HESI LPN
Fundamentals HESI
1. The nurse is providing discharge teaching to a client who has a new prescription for digoxin (Lanoxin). Which statement by the client indicates a need for further teaching?
- A. I will take my pulse before taking the medication.
- B. I will take the medication at the same time every day.
- C. I should avoid taking antacids at the same time as this medication.
- D. I should eat foods high in potassium while taking this medication.
Correct answer: D
Rationale: The correct answer is D. Clients taking digoxin should avoid eating foods high in potassium, as this can affect the medication's efficacy. Choices A, B, and C are correct statements regarding digoxin administration and precautions, indicating the client's understanding of the medication and its management.
2. A healthcare professional is caring for a client who has a new prescription for antihypertensive medication.
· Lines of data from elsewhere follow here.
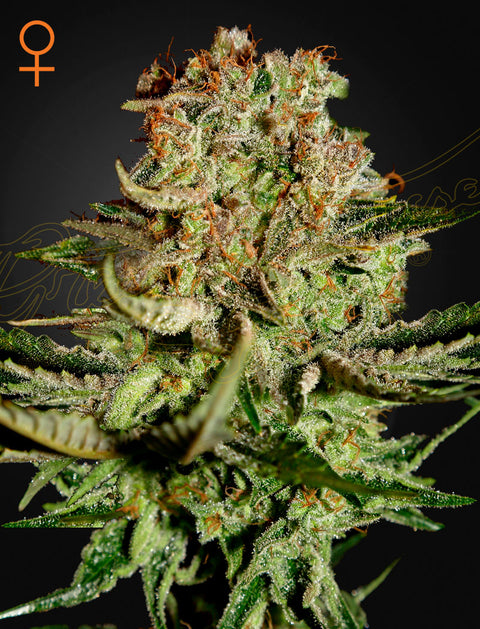 Super Bud - fem. - 3 Stk. -  Green House Seeds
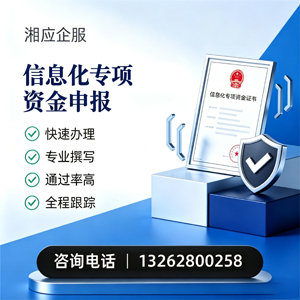 合肥信息化专项资金申报服务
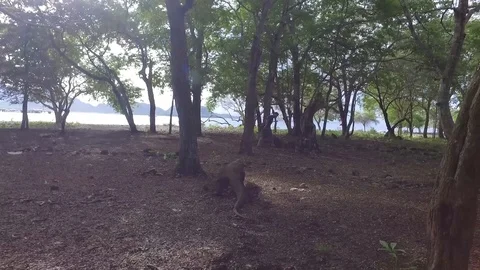 Komodo Dragon Stock Footage 92084298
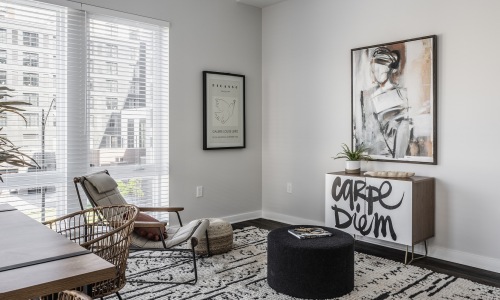 Open space living area with natural lighting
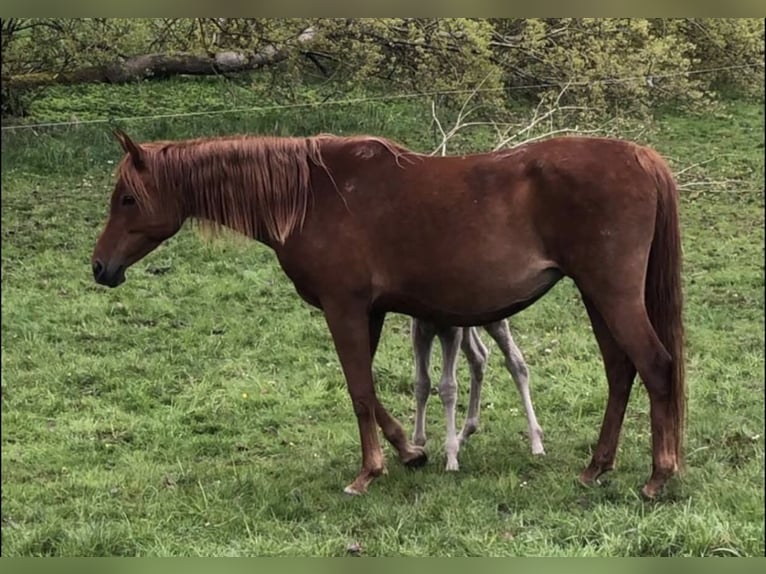 Arabe égyptien Jument 2 Ans 150 cm Rabicano in Haunetal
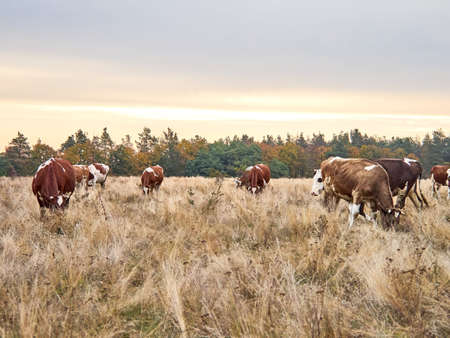 Cows grazing in natural pasture on a cloudy day.の写真素材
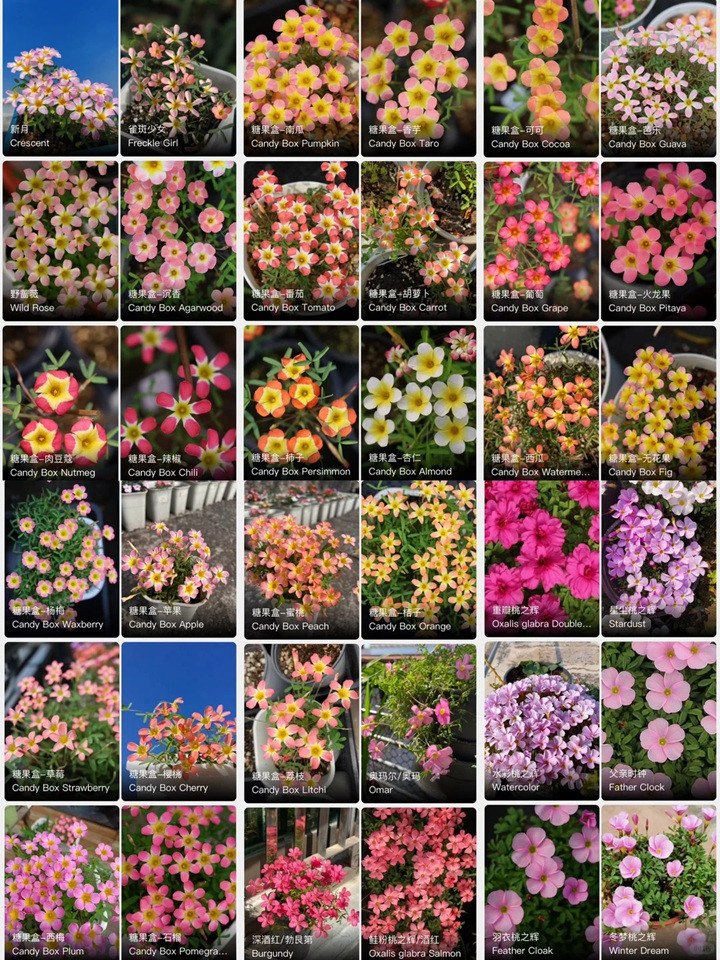 酢浆草有多少品种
Prior to administering the medication, the healthcare professional uses an electronic database to gather information about the medication and the effects it might have on this client. Which of the following components of critical thinking is the healthcare professional using when reviewing the medication information?
- A. Knowledge
- B. Experience
- C. Intuition
- D. Competence
Correct answer: A
Rationale: The correct answer is A: Knowledge. In this scenario, the healthcare professional is utilizing knowledge by gathering and applying information about the medication. Choice B, Experience, is not the best option as the focus is on accessing information about the medication rather than personal experience. Choice C, Intuition, refers to a gut feeling or instinct, which is not evident in the scenario. Choice D, Competence, relates more to overall ability and proficiency rather than the specific act of seeking information.
3. A healthcare professional is caring for a group of clients on a medical-surgical unit. Which of the following clients is at increased risk for body-image disturbances?
- A. A client who had a laparoscopic appendectomy
- B. A client who had a mastectomy
- C. A client who had a left above-the-knee amputation
- D. A client who had a cardiac catheterization
Correct answer: C
Rationale: Clients who have undergone significant visible body changes, like amputation, are at increased risk for body-image disturbances. Amputation can have a profound impact on self-image and body perception due to the visible structural alteration. While conditions like laparoscopic appendectomy, mastectomy, and cardiac catheterization may also affect body image, they are less likely to cause significant disturbances compared to visible changes like amputation.
4. A policy requiring the removal of acrylic nails by all nursing personnel was implemented 6 months ago. Which assessment measure best determines if the intended outcome of the policy is being achieved?
- A. Number of staff-induced injuries
- B. Client satisfaction survey
- C. Healthcare-associated infection rate
- D. Rate of needle-stick injuries by nurses
Correct answer: C
Rationale: The correct answer is C: Healthcare-associated infection rate. This measure best indicates the effect of the policy on infection control. By monitoring the healthcare-associated infection rate, it can be determined if the policy of removing acrylic nails has contributed to reducing the risk of infections. Choices A, B, and D are not as directly linked to the outcome of the policy. The number of staff-induced injuries may not be solely due to acrylic nails. Client satisfaction may not be directly impacted by this policy, and needle-stick injuries are more related to a different aspect of healthcare practice.
5. What intervention should be implemented by the LPN to reduce the risk of aspiration in a client with a nasogastric tube receiving continuous enteral feedings?
- A. Elevate the head of the bed to 30-45 degrees.
- B. Check residual volumes every 4 hours.
- C. Verify tube placement every shift.
- D. Flush the tube with water every 4 hours.
Correct answer: A
Rationale: Elevating the head of the bed to 30-45 degrees is crucial in reducing the risk of aspiration because it helps keep the gastric contents lower than the esophagus, thereby promoting proper digestion and preventing reflux. This position also aids in reducing the likelihood of regurgitation and aspiration of gastric contents. Checking residual volumes every 4 hours is important for monitoring feeding tolerance but does not directly address the risk of aspiration. Verifying tube placement every shift is essential for ensuring the tube is correctly positioned within the gastrointestinal tract but does not directly reduce the risk of aspiration. Flushing the tube with water every 4 hours may help maintain tube patency and prevent clogging, but it does not specifically address the risk of aspiration associated with nasogastric tube feedings.